Statistics will always depends on the way the tool you use has decided to represent the automaton internally (consider for instance what different people count as "transitions"). If we decide to add "true" in the format, but that someone write a tool that does not support "true" and have to convert this to an actual state internally, the statistics will be different as well. I don't think we have to be concerned by this problem when defining the format: if you want consistent statistics, simply compute them with the same tool.

  • This arrangement goes against the philosophy of the format. Of course, it is enough to support just labels on transition and/or just Muller acceptance because everything can be easily reduced to that. But we go in the opposite direction: we support more than many standard definitions. In the case of alternating automata, we should support at least as much as standard (maybe I should say modern standard) definitions.

I would like to be general, while introducing the least number of concepts possible, because I'm concerned by implementation of the tools that read the format. The more concepts we introduce, the harder it is to build a tool that does not have any restriction on its input, and the harder it will be to have interoperable tools.

So this is really a trade-off between the ease of writing the format, and the ease of reading it. (By reading and parsing, I mean "by a program" — I'm not considering humans that read/write this format, but I'm concerned by humans who implement programs that read/write this format.)

My (longly ruminated) suggestion is to support only conjunctions of destination states (no true, no disjunction, no parentheses).

state-formula ::= INT | state-formula "&" state-formula

I have two main reasons for this:

  1. it is enough to support the modern definitions of alternating automata: we already have disjunction via non-determinism, true states can be represented explicitly (and are easy to recognize by tools who need them), so this require very little work from the writer
  2. if a tool produces an alternating automaton that does not use any conjunction, this automaton can be read directly as a non-deterministic automaton, and used even by tools that do not support alternating automata. So this is good for interoperability.

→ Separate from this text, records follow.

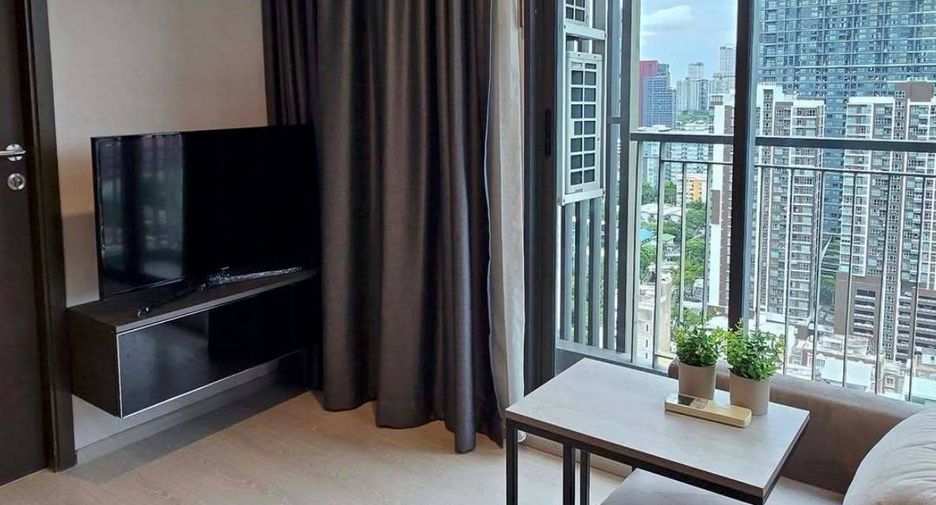 For rent 2 bedrooms condo in Huai Khwang, Bangkok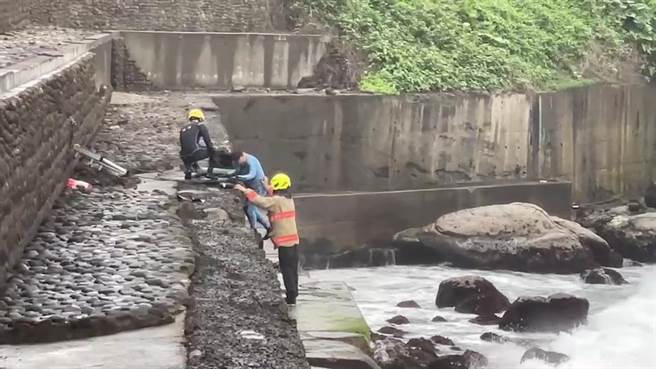 基隆一名男子被大浪打進海岸邊的涵洞內卡住，基隆消防局緊急出動將男子救出送醫。（翻攝畫面／張志康基隆傳真）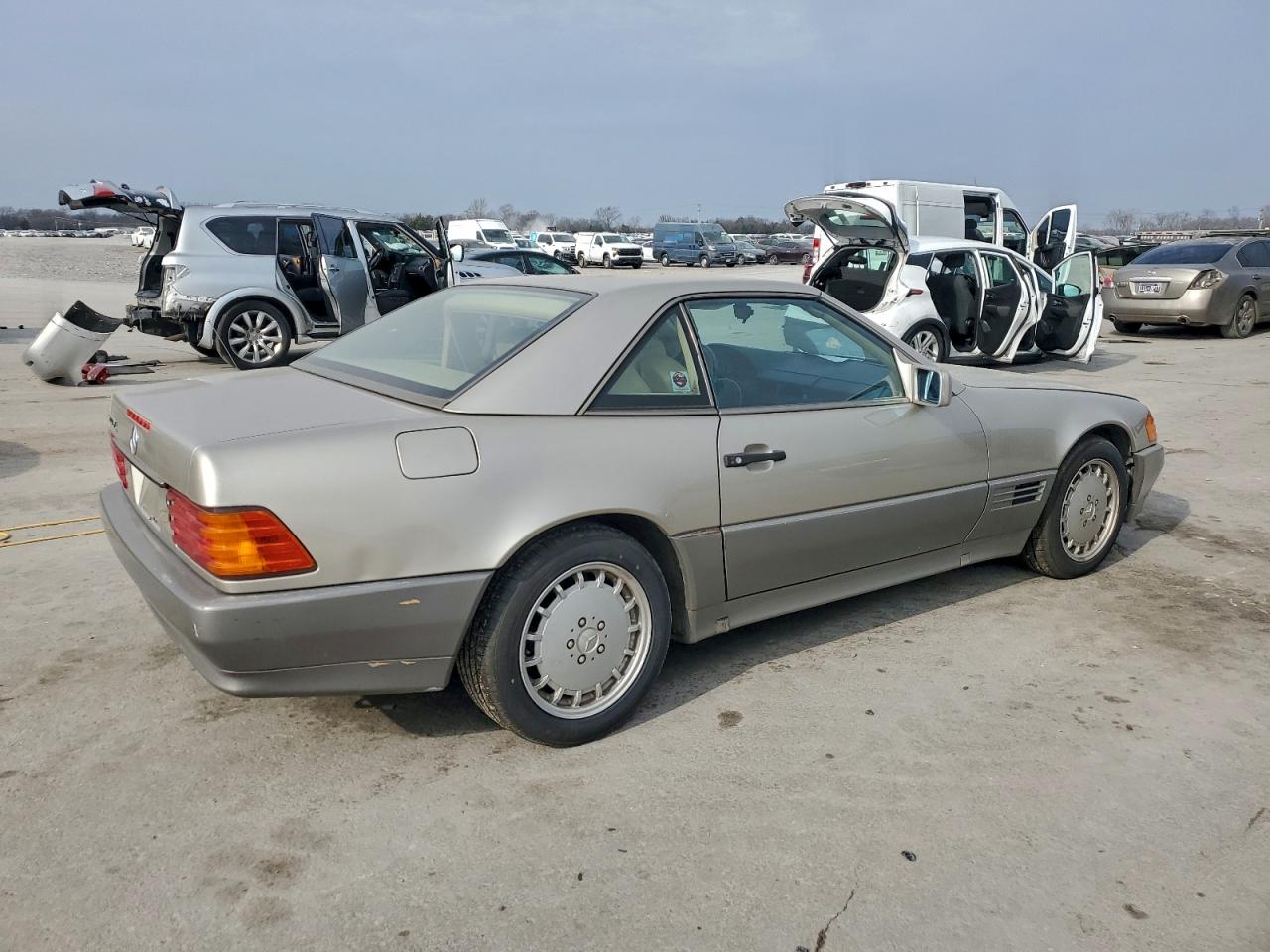 1990 Mercedes-benz 500 Sl Silver vin: WDBFA66E8LF010613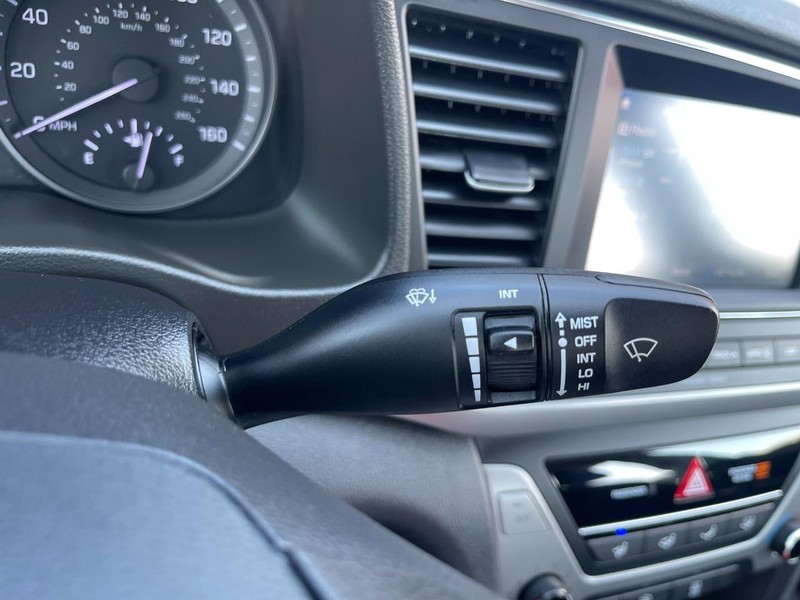 Hyundai Elantra Vehicle Image 20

The last point I consider a very nice property: the introduction of alternation in the format does not require any additional work in tools that only support non-determinist automata in order to read alternating automata that do not use conjunct destination. Furthermore, the addition to the format becomes very simple to describe.

If we support disjunction and true state: this is not the case anymore. Suddenly, by the addition of | and t, we have more ways encode non-deterministic automata; so because the format support alternating automata, and even if your tool do not understand alternating automata, you have to add support for | and t if you want to maximize interoperability.

Alexandre, can you please explain us what complications can the support of true bring? Is it just the question "what should we do if someone uses it in a nonalternating automaton?"

Yes, same for |.

Or is there any parsing problem? The same question applies to general boolean formulae as transition targets or initial states. I do not think they are more complicated to parse than boolean formulae describing labels which we plan to support.

I don't have a problem with the grammar. If I expressed concerns about parsing, it's because we would have more ways to parse non-determinism.

Can the problem be solved by a general statement that as soon as some uses a boolean combination of states (or true), then the automaton is automatically seen and handled as alternating?

Yes, it could, but why? As long as no universal branching is used, an alternating automaton should be processable by any tool dealing with non-deterministic automata.

adl commented 10 years ago

The merged commit only support conjunct states. The alternating branch has support for disjunction as well if we need that in the future. But in that event we should probably have support for the "true" destination as well.